RECORDS FOR THE EXERCISE —
┌──

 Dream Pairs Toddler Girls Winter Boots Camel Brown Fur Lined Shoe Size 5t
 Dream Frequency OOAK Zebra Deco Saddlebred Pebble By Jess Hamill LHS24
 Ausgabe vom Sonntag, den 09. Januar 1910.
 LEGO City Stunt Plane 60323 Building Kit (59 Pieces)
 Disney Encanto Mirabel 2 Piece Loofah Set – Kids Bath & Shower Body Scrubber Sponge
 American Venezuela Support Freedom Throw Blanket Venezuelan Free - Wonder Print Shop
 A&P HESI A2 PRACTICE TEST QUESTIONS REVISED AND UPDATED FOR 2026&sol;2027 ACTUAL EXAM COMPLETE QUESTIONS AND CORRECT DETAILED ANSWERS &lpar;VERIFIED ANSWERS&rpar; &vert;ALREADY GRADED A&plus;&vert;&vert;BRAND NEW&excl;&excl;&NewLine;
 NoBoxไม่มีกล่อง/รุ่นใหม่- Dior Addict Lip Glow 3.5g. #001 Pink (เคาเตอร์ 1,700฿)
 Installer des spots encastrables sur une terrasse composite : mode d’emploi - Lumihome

└──
┌──

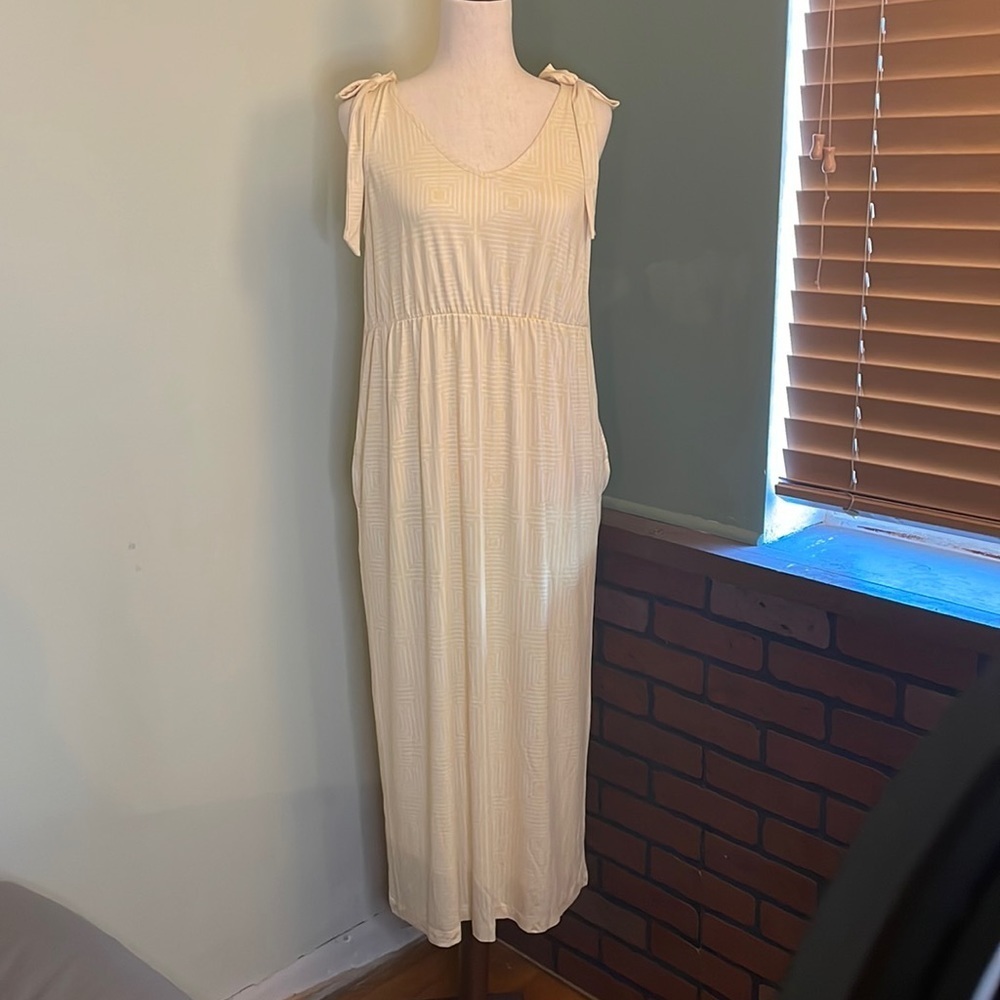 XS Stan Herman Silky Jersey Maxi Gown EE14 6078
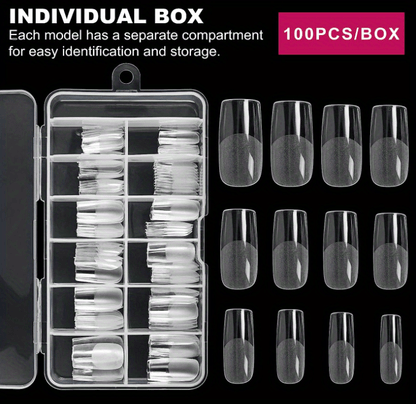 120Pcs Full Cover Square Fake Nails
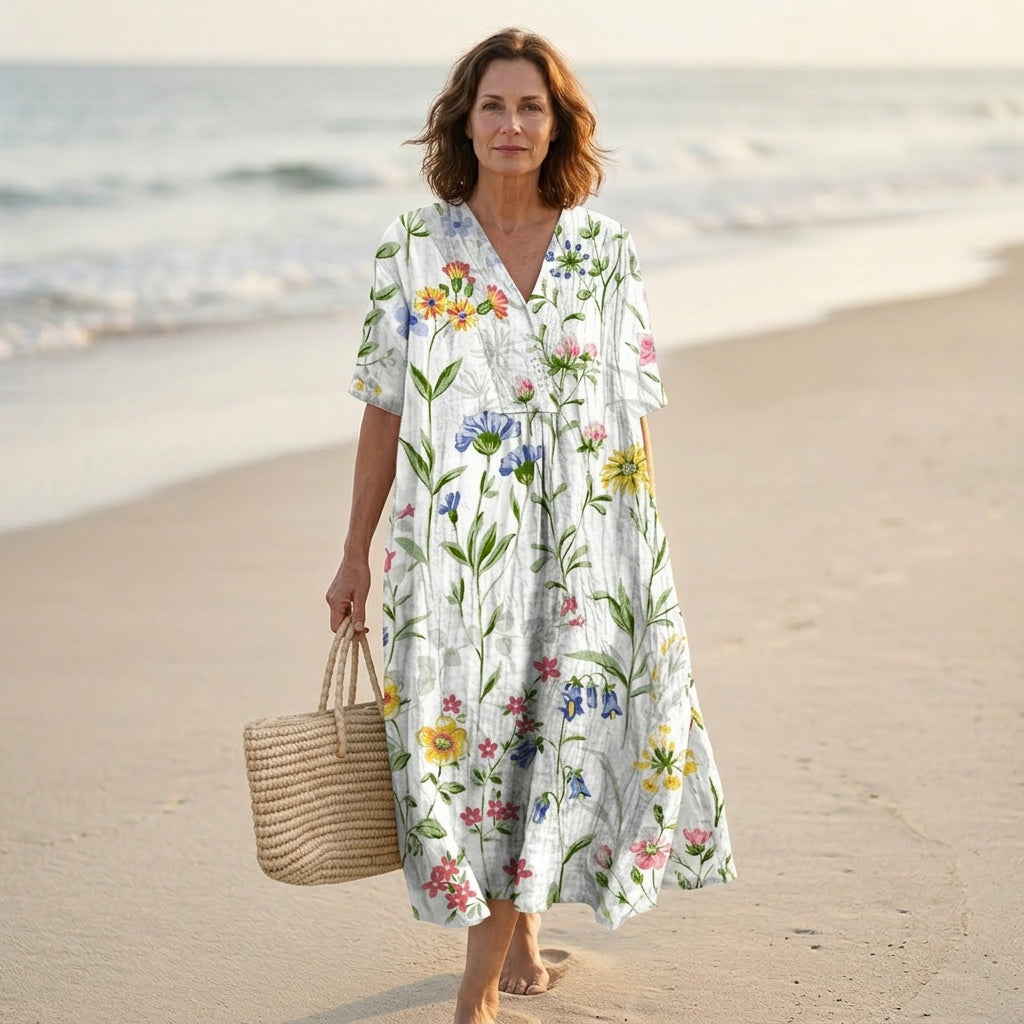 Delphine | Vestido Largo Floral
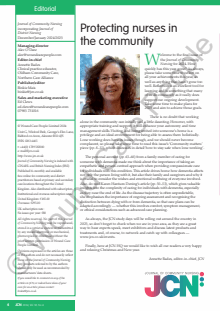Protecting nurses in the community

└──

ABOUT THIS EXERCISE —
Search the listing for the string "Dream". Copy each line where it turns up.

SOLVED PROBLEM —
 Dream Pairs Toddler Girls Winter Boots Camel Brown Fur Lined Shoe Size 5t
 Dream Frequency OOAK Zebra Deco Saddlebred Pebble By Jess Hamill LHS24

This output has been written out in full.